Chances are that someone important to your child (grandparents, aunts, uncles, close friends, or even a parent) will die before your child reaches adulthood. How can you prepare children for the likelihood of the death of someone close to them? First, do all you can to give children a caring, supportive environment. You can help your child through this difficult time with honesty, reassurance, and a willingness to talk about and share feelings.
Talk to your children about death in a way that they can understand. Children between ages 2 and 4 react to people not being with them. Preschool children do not understand that dead people are gone forever. Stories in books, children's movies, TV shows, or the death of a pet can all be ways to start talking about what death means.
The most important thing for children to know is that someone will always be there to take care of them. Very young children do not understand time or the future. If your young child asks you if you will die, the real question she may be asking is "Will you be here to take care of me?" Reassure your child that you or someone else who loves her will be always be there. Very young children need comforting after a death to help them feel secure.
Children between the ages of 5 and 8 are still confused about death. Your child may think that somehow they caused the death by wishing it would happen or by not doing what they were told to do. This "magical thinking" can cause your child to feel unrealistic guilt. Children need to have honest and complete answers about the death. Without the whole truth, your child will fill in the details with self-blame. Some children want to talk about the death with adults. Others will act out their feelings in play. Both of these responses are normal.
It is very important that you use clear language when explaining death to your child. If you try to cushion the news that someone has died, you may confuse your child. If you tell your child "we lost Grandpa today", your child will expect that someone will find Grandpa. If you tell your child "Uncle Joe is just sleeping", your child will expect Uncle Joe to wake up. While it sounds harsh, the clear truth is the best language to use because your child will understand it better.
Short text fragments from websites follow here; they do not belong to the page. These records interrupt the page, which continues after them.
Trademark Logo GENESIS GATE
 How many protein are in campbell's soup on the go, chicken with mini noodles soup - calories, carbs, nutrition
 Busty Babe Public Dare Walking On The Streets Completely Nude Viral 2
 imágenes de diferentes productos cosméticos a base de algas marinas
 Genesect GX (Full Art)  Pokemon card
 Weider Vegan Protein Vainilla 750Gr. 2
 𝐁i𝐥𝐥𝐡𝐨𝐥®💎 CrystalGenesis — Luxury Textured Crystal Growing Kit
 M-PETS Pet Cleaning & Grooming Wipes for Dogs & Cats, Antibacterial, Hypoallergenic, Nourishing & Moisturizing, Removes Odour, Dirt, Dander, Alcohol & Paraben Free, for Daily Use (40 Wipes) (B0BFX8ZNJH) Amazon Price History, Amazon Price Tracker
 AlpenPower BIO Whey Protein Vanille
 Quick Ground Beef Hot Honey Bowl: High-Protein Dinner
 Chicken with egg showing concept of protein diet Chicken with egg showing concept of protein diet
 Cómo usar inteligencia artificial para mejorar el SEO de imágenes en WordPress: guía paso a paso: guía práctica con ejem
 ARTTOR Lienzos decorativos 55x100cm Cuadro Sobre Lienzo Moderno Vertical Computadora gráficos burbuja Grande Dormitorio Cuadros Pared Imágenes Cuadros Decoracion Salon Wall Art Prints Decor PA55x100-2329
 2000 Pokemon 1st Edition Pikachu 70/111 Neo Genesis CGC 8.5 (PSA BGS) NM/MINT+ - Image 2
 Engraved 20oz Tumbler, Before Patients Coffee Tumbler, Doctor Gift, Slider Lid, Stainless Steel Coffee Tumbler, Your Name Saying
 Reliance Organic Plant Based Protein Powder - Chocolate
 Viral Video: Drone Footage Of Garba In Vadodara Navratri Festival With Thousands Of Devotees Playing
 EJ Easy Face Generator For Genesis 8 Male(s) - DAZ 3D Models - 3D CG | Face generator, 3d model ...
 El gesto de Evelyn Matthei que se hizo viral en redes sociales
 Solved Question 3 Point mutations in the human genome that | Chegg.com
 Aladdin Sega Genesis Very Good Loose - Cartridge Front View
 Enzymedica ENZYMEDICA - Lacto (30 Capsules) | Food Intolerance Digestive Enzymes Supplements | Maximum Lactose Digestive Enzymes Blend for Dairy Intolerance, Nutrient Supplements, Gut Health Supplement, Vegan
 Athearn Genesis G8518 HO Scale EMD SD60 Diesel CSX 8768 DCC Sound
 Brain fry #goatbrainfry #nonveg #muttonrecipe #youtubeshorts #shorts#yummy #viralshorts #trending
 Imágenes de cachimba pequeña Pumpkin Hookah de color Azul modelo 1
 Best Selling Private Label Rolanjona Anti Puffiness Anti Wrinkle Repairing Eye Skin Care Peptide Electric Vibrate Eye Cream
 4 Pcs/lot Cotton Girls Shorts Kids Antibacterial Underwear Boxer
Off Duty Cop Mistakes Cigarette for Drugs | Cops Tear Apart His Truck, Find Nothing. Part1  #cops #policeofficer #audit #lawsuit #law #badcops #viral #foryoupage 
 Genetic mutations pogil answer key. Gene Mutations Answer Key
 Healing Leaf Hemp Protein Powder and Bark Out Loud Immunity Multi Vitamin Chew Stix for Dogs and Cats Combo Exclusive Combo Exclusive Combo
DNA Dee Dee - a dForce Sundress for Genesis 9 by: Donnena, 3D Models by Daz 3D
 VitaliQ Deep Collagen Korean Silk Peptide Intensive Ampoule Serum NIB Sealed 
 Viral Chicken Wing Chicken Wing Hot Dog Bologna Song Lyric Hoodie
School-age children are beginning to understand that death is final. They are less likely to expect the dead person to return. School-age children can think about the future more clearly and understand what it would be like to have someone important to them die. Explain the ways that your family or community grieves. Is there a funeral, a wake, a celebration of life? What happens at these events? What do people do after the funeral? Children are comforted when they know the routines and customs. Your child may want to attend these rituals. If you simply and honestly explain what your child will hear and see before, during, and after the services, it is OK to bring them to the funeral or other events related to the death.
Your child may avoid upsetting topics and ideas. Your child may change the subject or ignore you when you try to talk to them about death. Look for other opportunities or wait for them to bring up the topic again. Encourage them to play. Play is the way children process death and sort out their feelings about it.
As your child becomes a teenager, do not be surprised if he begins questioning your family's faith and other strongly held beliefs. At this age, children may be more interested in talking about death and other abstract topics. Although teenagers know that everyone will die, they often do not act as if that means them. Careless with their own health and well-being, many teenagers still believe deep down, that the rules of death do not apply to them. However, parents still influence their teens. Most teens have views on politics, religion, and social issues that are very close to their parents' views. Don't be afraid to talk about death and dying with teens. They need to hear what you have to say.
If your teen does not want to talk to you about an important death, encourage them to talk with another adult such as a counselor, pastor, teacher, or coach.